”You can’t drive change haphazardly without a compass needle. It requires a consensus, common positions and a plan for why, what and how things should be done.”
The quote can be found on the back cover of the newly published book ”Förändringsprocesser i förskolan” (Eng. ”Processes of change in preschool”), published on Lärarförlaget, but can be applied to all types of common change processes and activities as well as within each individual.
The book is written by Maria Elbrand and Therés Åkerblom, both certified preschool teachers with several additional skills, and discusses the improvement work at an individual preschool as well as theoretical foundations and practical tips, exercises and examples.
The road is the goal and the fundamental thing, according to the book, is to see change management as a living and positive process with responsibility of one’s own and a desire to develop and feel involved. The latter, in this case, includes not least the preschool children.
Change takes courage, how do we muster it? As Tove Jansson put it: ”It’s easy to be brave if you’re not afraid.” Change starts with making visible attitudes to and expectations of the issues at hand both of one’s own and others. It takes courage to think for yourself and believe in your own ideas while listening to others.
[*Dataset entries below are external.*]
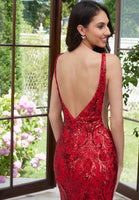 Open Back Floral Sequin Net Prom Dress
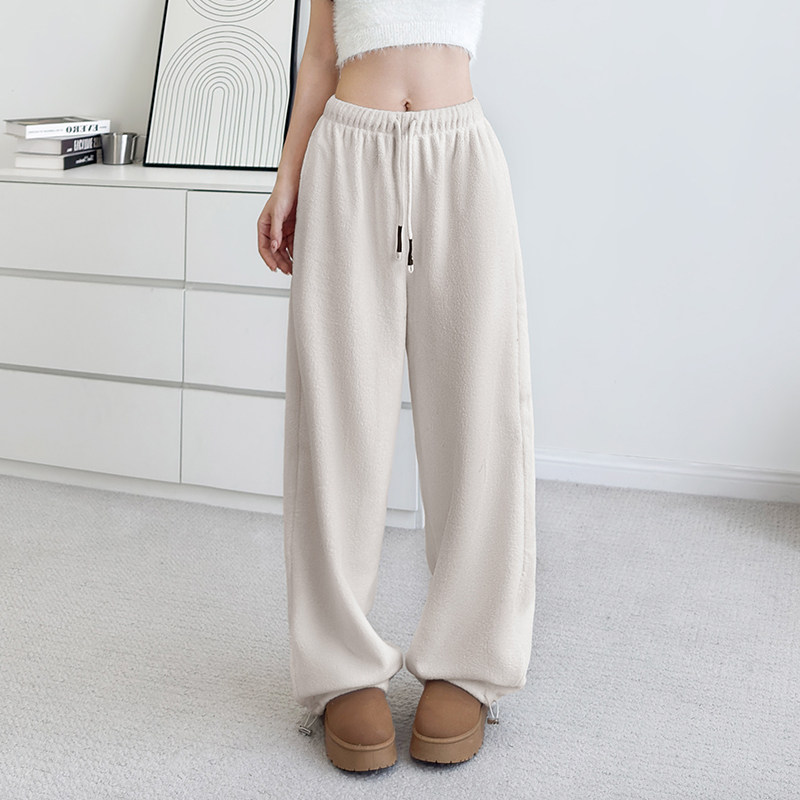 冬季保暖阔腿裤女大码胖mm宽松显瘦加厚加绒休闲裤双面绒毛毛卫裤,女装/女士精品,大码裤装,淘宝优惠券,粉丝福利购,淘宝优惠卷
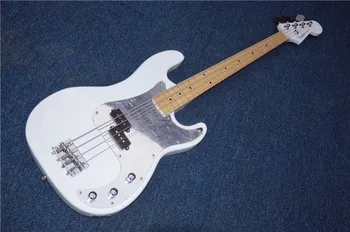 

The high-quality 4-string Jazz Bass electric bass is white with white pickguard chrome-plated hardware. free shipping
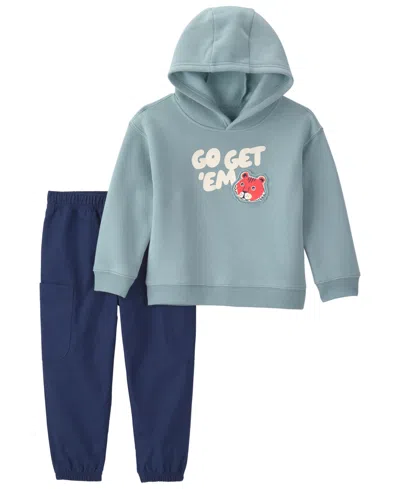 Carter's Babies' Toddler Boys' 2t-5t Go Get Em Tiger Fleece Hooded Sweatshirt And Pants, 2-piece Set In Blue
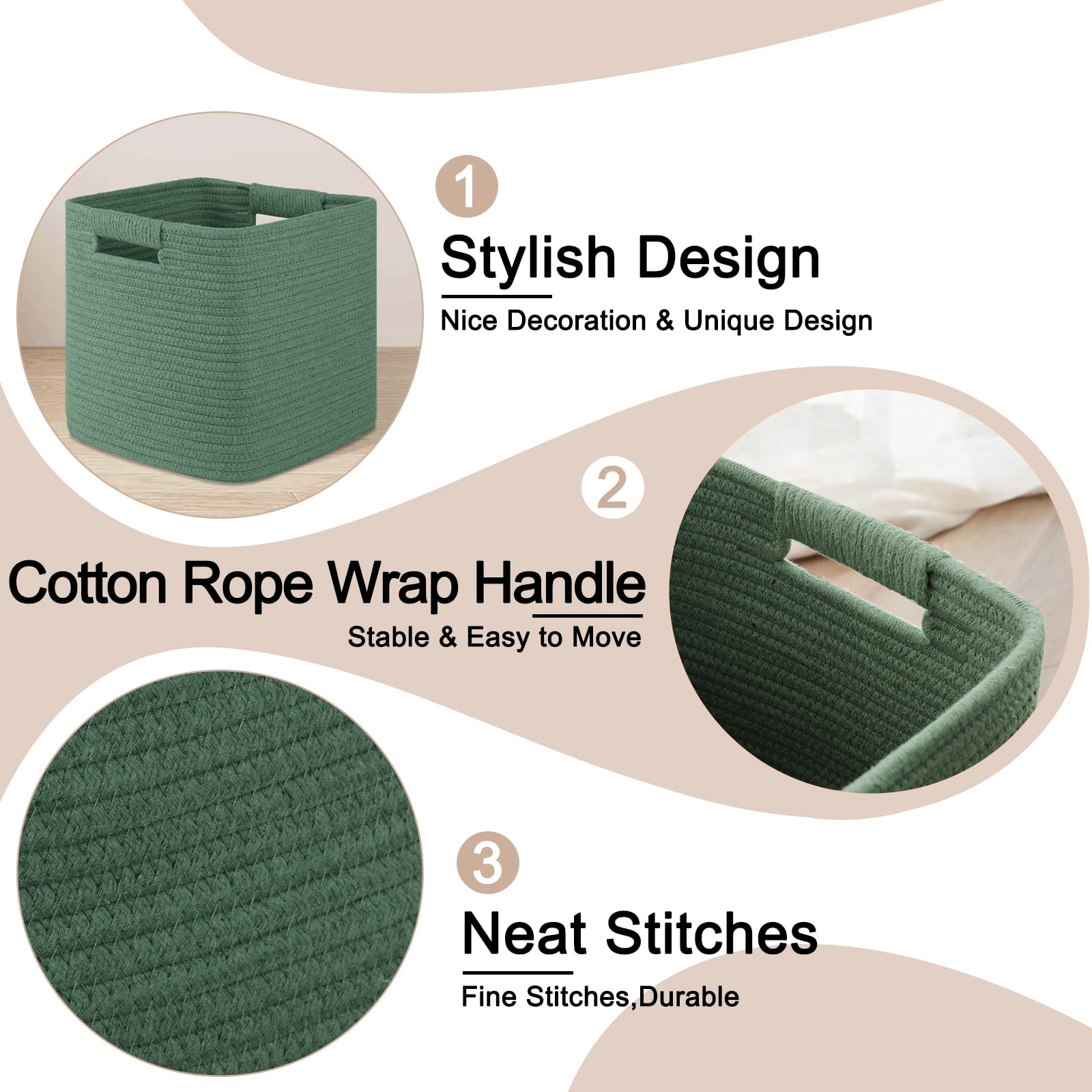 OIAHOMY green storage basket organizing towels and toiletries in bathroom.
The book describes the importance of thinking about and creating guidelines and clear information about working methods and expectations in both directions as a team in preschool in front of themselves, guardians and children. A team is often represented by staff with varying skills, experience and age, and participation and dialogue are the essence. It is important that the team works, but equally important is the quality of the approach to those you turn to and work for and with, in this case the children.
Time aspect and leadership
You shouldn’t rush through a change process, but it shouldn’t take too long either. Reflecting, evaluating, giving and receiving feedback during the process is a prerequisite for leading the work forward.
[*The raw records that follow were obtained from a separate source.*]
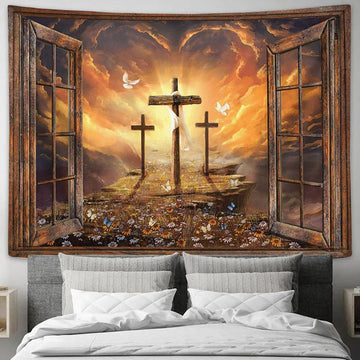Three Cross In The Way To Heaven Jesus Large Tapestry - Christian Tapestry Prints - Religious Tapestry Art
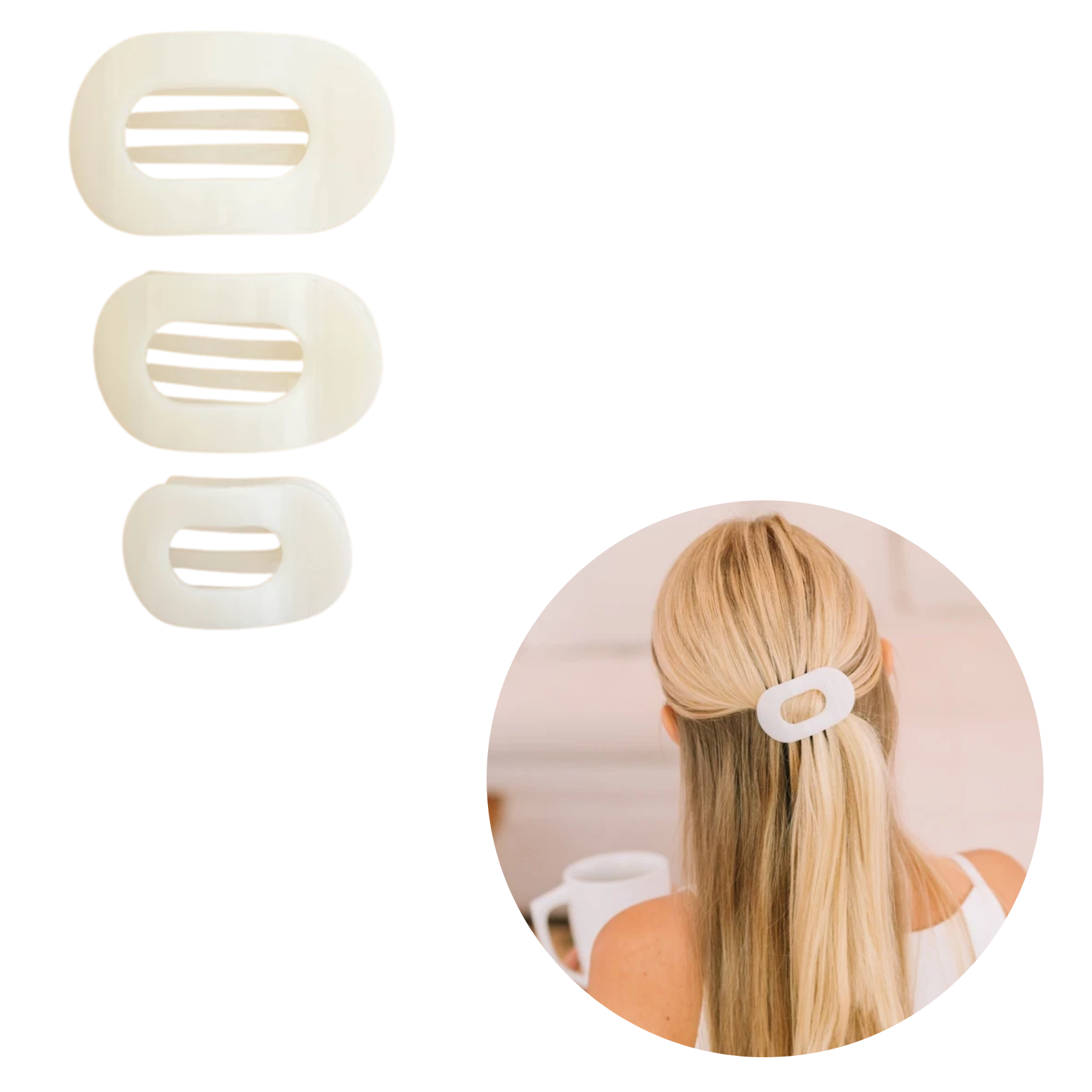 Coconut White Flat Round Hair Clip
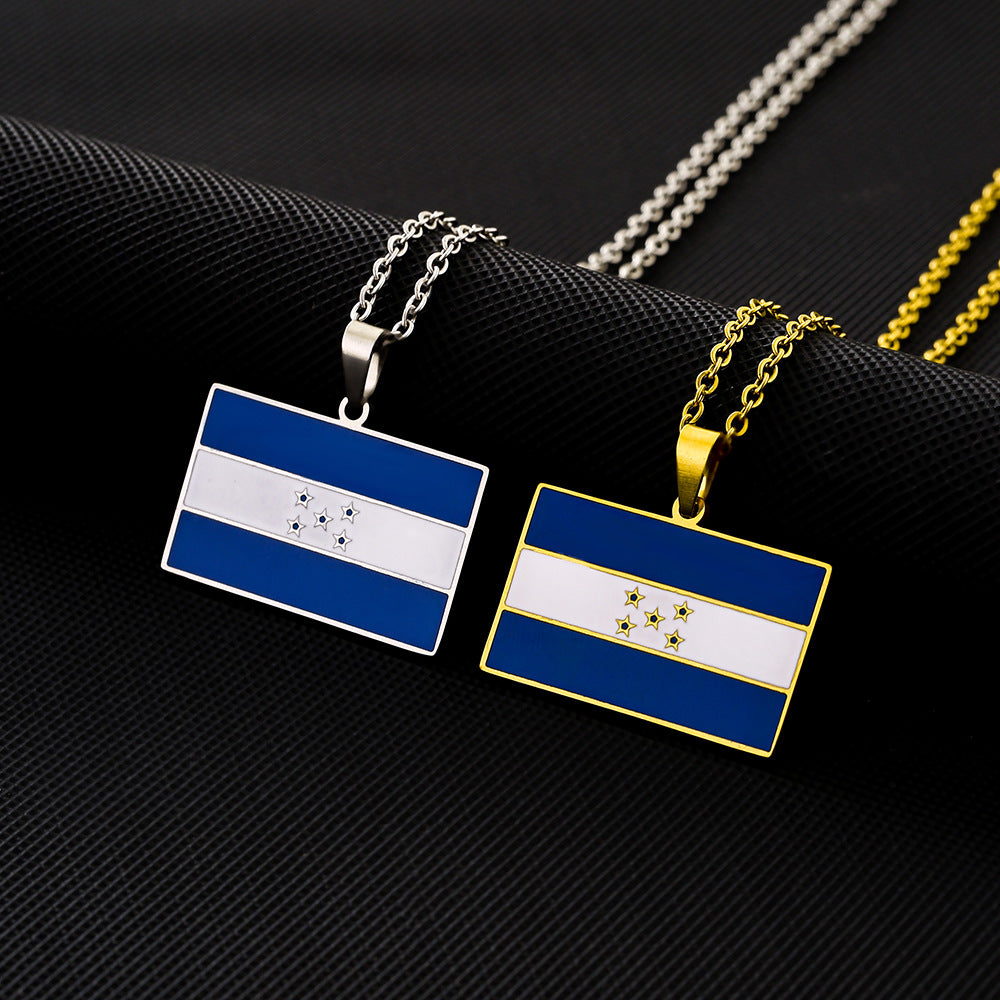 Fashionable Geometric Honduras Flag Pendant Necklace in Stainless Steel with Enamel Finish for Unisex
Self-leadership and what it means in terms of self-knowledge and awareness in the professional role are discussed, as well as educational leadership in, for example, a principal’s role. Central to leading others forward and having the opportunity to grow is a so-called learning leadership that includes humanity and clarity.
With my own experience as a preschool teacher, I can warmly recommend this book. With its structure, it should be of great help both to the individual and in teams within the profession. The graphic design, made by Anna Hild, is also very appealing.
Having something to refer to facilitates discussions in the local environment and works perfectly as a starting point for change management. The book also emphasizes the importance of making a conscious choice to work in preschool, based on a knowledge of what the profession entails and requires.
Commitment, context and working together generate job satisfaction. So, for recognition and tools based on the preschool environment – read the book!